Traveling through the Midwest has a way of slowing you down, especially if you venture off the interstate into rural areas where roads aren’t nearly as straight. Driving these lettered blacktop roads is a way to soak up the quiet history these areas have to offer. You’ll see weathered barns leaning into the wind, farmhouse porches washed pale by decades of sun,
cattle grazing wide open pastures and fields stitched together by gravel roads. Old fences trace property lines first drawn generations ago, and every so often, a river comes into view, reminding us why towns were built where they were and how movement shaped the land.
Canton, Missouri is home to
US Wellness Meats. It is one such place, rooted in its history as a Mississippi River town. Long before interstate highways and modern trucking routes, the river served as a vital corridor for trade, travel, and communication. Canton thrived on this access, as did its nearby sister town of Tully. Over time, shifting river channels, flooding, and changes in transportation led to Tully’s decline and eventual abandonment, while Canton adapted and endured. The story of both towns reflects how closely Midwest communities were tied to the rivers that sustained them and how quickly fortunes could change when those waterways shifted.
River crossings have always been essential to commerce in this region. Bridges and ferries allowed goods, livestock, and people to move across natural boundaries that would otherwise slow trade and isolate communities. Access to dependable crossings meant farmers could reach markets, towns could grow, and businesses could survive. These crossing points shaped settlement patterns and determined which places flourished and which faded from the map.

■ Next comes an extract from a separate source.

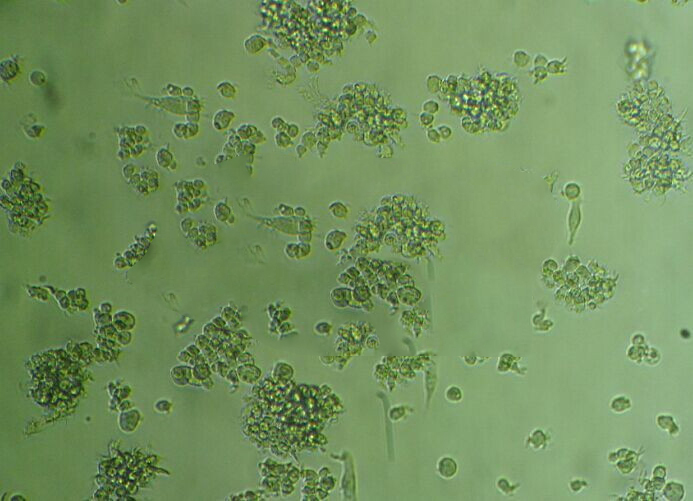 REC-1 Lymphoblastoid cells人淋巴瘤细胞系,REC-1 Lymphoblastoid cells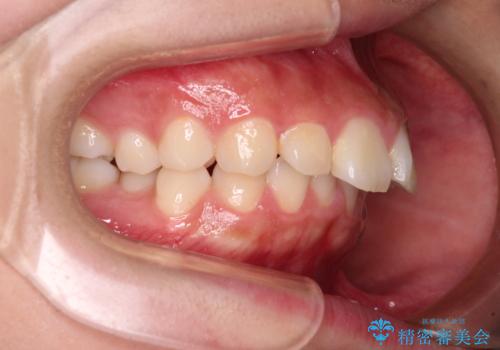 骨格的な出っ歯を抜歯矯正で改善 横顔の印象が劇的に変化の治療前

In that way, bridges — especially those spanning rivers — serve as more than physical structures; they represent progress and possibility. They exist because someone needed to get from one side to the other, to move beyond a limitation and reach something new. These bridges remind us that growth often begins by crossing barriers, connecting what was once separated, and opening opportunities that didn’t previously exist.
As we travel these roads today, passing rivers, towns, and the remnants of what once was, it’s worth remembering the role those crossings played in building the Midwest. The landscape is more than scenery, it’s a network of connections shaped by necessity, resilience, and forward movement. And sometimes, all it takes is a bridge to carry us from where we’ve been to where we’re headed next.